RAG (Retrieval-Augmented Generation) relies on embedding models to convert your documents and queries into vector representations. These embeddings enable semantic search, allowing the AI to find relevant content based on meaning rather than just keyword matching.

Why Embedding Models Matter

When you create a project with RAG:

Document Ingestion: Your files are split into chunks and converted into numerical vectors (embeddings) using an embedding model
Semantic Search: When you ask a question, your query is also converted into an embedding
Similarity Matching: The system finds the most semantically similar document chunks by comparing vector embeddings
Context Injection: Relevant chunks are injected into the AI’s context window to generate accurate, grounded responses

The quality and compatibility of the embedding model directly impact RAG’s ability to retrieve relevant information from your project files.

Default Embedding Models by Provider

Askimo uses different default embedding models depending on your AI provider. These are just defaults—you can customize them in Settings if you prefer different models.
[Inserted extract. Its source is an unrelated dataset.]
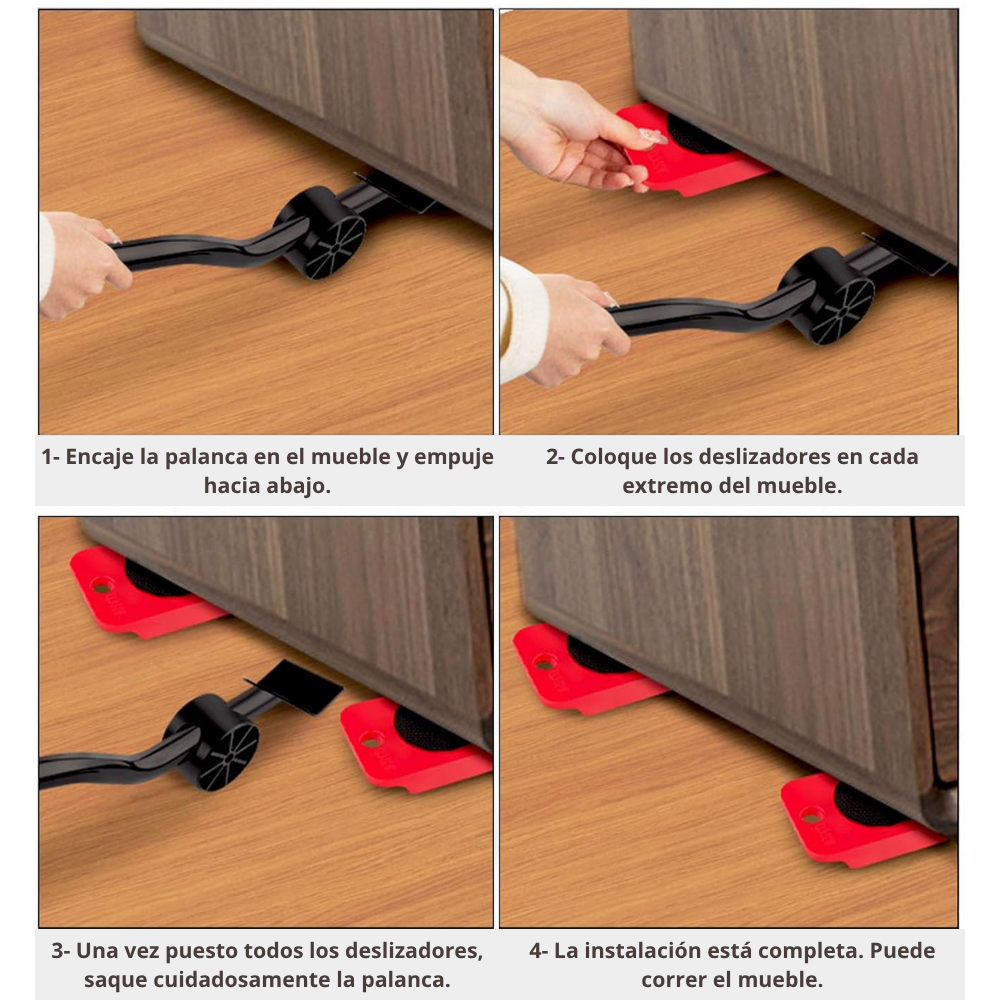 Combo Limpieza: Kit para mover muebles + Mopa 3 en 1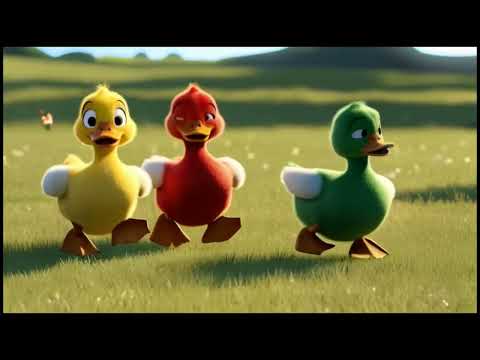 Five Little Ducks Song | Nursery Rhymes & Kids Songs | By Kiddo’s Tv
Provider	Default Embedding Model
OpenAI	`text-embedding-3-small`
Google Gemini	`text-embedding-004`
Ollama	`nomic-embed-text:latest`
LM Studio	`nomic-embed-text:latest`
LocalAI	`nomic-embed-text:latest`
Docker AI	`ai/qwen3-embedding:0.6B-F16`

Setting Up Local Embedding Models

For local AI providers (Ollama, LM Studio, LocalAI, Docker AI), you must manually pull the embedding model before using RAG:

For Ollama:

ollama pull nomic-embed-text:latest

For LM Studio:

Open LM Studio
Search for “nomic-embed-text”
Download the model

For LocalAI:

# Pull the model using LocalAI's CLI or API
curl http://localhost:8080/models/apply -H "Content-Type: application/json" -d '{
  "id": "nomic-embed-text:latest"
}'

For Docker AI:

# Pull the Qwen embedding model
docker exec -it <container-name> pull ai/qwen3-embedding:0.6B-F16

Customizing Embedding Models

You can change the default embedding model for any provider:

Open Settings
- Go to Settings (⌘/Ctrl + ,)
Navigate to RAG Configuration
- Select Advanced tab
- Find RAG Configuration
- Find Embedding Models by Provider
Configure Provider Models
- Enter the model name for each provider
- For cloud providers (OpenAI, Gemini): Use the official model identifier
- For local providers: Ensure the model is already pulled/downloaded

Askimo RAG configuration settings showing customizable embedding models for different AI providers

Example Custom Configuration:

Provider	Custom Model
OpenAI	`text-embedding-3-large` (higher quality, larger)
Gemini	`text-embedding-004` (default)
Ollama	`mxbai-embed-large:latest` (alternative local model)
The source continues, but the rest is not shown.